Les habitants de cet univers foutraque, qu'un Lewis Caroll n'aurait pas renié, sont au diapason : fantômes et demi-fantômes, poubelles adeptes des arts martiaux, mots incarnés en bestioles plus ou moins fréquentables ou carton de lait vide faisant office d'animal de compagnie. Et dans le rôle du grand méchant de service : le Smog, noir nuage pensant en provenance directe de notre monde pollué.
Dans un premier temps, China Miéville se focalise sur la découverte de ce monde baroque et fait montre d'une imagination débridée et réjouissante à lire. Du côté de l'intrigue, on a l'impression d'assister à un faux départ. Les enjeux sont certes exposés clairement, mais rien ne se passe comme prévu, celle que les prophéties annonçaient comme l'élue (la Shwazzy) se retrouve très vite hors-jeu, et la piste balisée qu'on pensait devoir emprunter aboutit à un cul-de-sac. Il est alors temps pour Miéville de remettre les compteurs à zéro et pour son histoire de démarrer vraiment. Jusqu'au terme de ce roman, l'auteur n'aura de cesse de mettre à mal tous les stéréotypes de ce genre de récit. Ce n'est pas la moindre de ses qualités.

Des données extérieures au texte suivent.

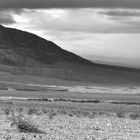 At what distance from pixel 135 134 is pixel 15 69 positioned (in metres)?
177

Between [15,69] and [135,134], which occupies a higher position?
[15,69]

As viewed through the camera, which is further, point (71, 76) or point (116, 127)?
point (71, 76)

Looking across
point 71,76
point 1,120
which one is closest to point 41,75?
point 71,76

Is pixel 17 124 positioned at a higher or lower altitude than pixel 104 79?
lower

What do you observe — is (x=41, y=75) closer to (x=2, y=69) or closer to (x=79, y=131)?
(x=2, y=69)

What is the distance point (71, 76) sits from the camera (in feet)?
639

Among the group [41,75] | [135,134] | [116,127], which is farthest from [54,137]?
[41,75]

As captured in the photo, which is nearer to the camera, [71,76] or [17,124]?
[17,124]

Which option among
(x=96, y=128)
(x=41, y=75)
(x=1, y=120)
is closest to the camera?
(x=96, y=128)

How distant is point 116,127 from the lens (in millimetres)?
26453

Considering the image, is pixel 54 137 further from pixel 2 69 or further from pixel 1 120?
pixel 2 69

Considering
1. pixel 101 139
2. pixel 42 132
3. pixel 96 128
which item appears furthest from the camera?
pixel 96 128

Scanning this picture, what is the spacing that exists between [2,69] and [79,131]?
177m

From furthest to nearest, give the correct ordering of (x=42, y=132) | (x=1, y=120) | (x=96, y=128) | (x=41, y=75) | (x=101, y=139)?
1. (x=41, y=75)
2. (x=1, y=120)
3. (x=96, y=128)
4. (x=42, y=132)
5. (x=101, y=139)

Plus classique sans doute est le rôle qu'il va attribuer à son héroïne principale. Malgré l'aspect bizarroïde de ses habitants et de leurs mœurs, ces derniers apparaissent par certains côtés très conformistes, figés dans leurs convictions, voire détestables lorsqu'ils se retranchent derrière leurs préjugés, à l'exemple du racisme et des idées reçues qu'ils nourrissent à l'égard des fantômes. Il faudra toute la candeur et le bon sens d'une gamine d'une dizaine d'années pour remettre en cause leurs croyances et permettre à leur société d'évoluer enfin.
Le résultat est d'autant plus réussi que China Miéville a su trouver le ton juste qui convenait à cette histoire, un esprit bon enfant permanent qui parvient à dédramatiser les situations les plus sombres sans jamais verser dans la niaiserie. On s'amuse donc beaucoup à voir ses héros poursuivis par des menaces aussi improbables que des troupeaux de girafes carnivores et autres monstres hybrides. Et les illustrations de l'auteur qui parsèment le texte sont tout à fait au diapason.
Mené à un rythme soutenu, sans temps morts ou presque, Lombres, malgré sa taille imposante, se lit d'une traite. Et s'il s'agit d'une œuvre pour la jeunesse, on aimerait que davantage de romans destinés à un public adulte se jouent aussi bien des clichés et fassent montre d'une telle inventivité.